05:04:00 <Mondenkind> i want kazinsal's finger🥺
05:04:00 <kazinsal> vdamewood: whichever agency dealt with the feet washing up on shore twenty years ago can handle the finger
05:08:00 <vdamewood> As long as it's not the people who deided it was a good idea to blow up a whale on the beach.

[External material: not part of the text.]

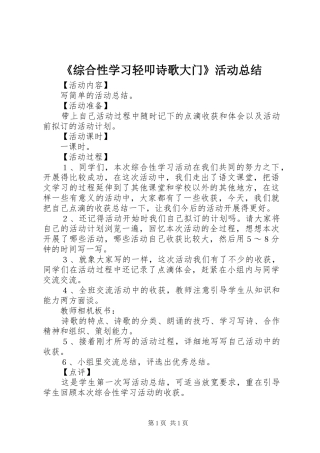 《综合性学习轻叩诗歌大门》活动总结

05:08:00 <vdamewood> decided*
05:28:00 <geist> blaine the train is a pain
05:29:00 <vdamewood> Blaine has a train?
05:30:00 <kazinsal> there's probably an amtrak stop there, sure
05:31:00 <geist> it's a deep reference that i dont expect anyone to get
05:31:00 <vdamewood> Probably, the Cascades line goes vrom Eugene to Vancouver
05:31:00 <vdamewood> from*
05:31:00 <kazinsal> ah, no, there isn't! goes straight from pacific central to bellingham
05:32:00 <kazinsal> the blaine crossing is my preferred one by car because it has the fun extra lane that lets me skip the hour of waiting
05:32:00 <kazinsal> thanks to my Certified Not A Terrorist card
05:33:00 <kazinsal> the Lynden crossing is closer but doesn't have such a lane
05:33:00 <geist> but yeah teh cascades does go through there AFAIK
05:33:00 <geist> i always meant to take it
05:33:00 <jeaye> But how else would you get harrassed about why you're crossing the border on a Thursday afternoon?
05:33:00 <geist> i was thinking abut point roberts anyway when you first mentioned it
05:33:00 <kazinsal> actually these days I think I am closer to blaine anyways
05:34:00 <geist> oh man there are fireworks everywhere outside, and i'd love to continue sitting on the porch listening to it
05:34:00 <geist> but the mosquitoes are eating me alive
05:34:00 <jeaye> You'll still hear 'em inside.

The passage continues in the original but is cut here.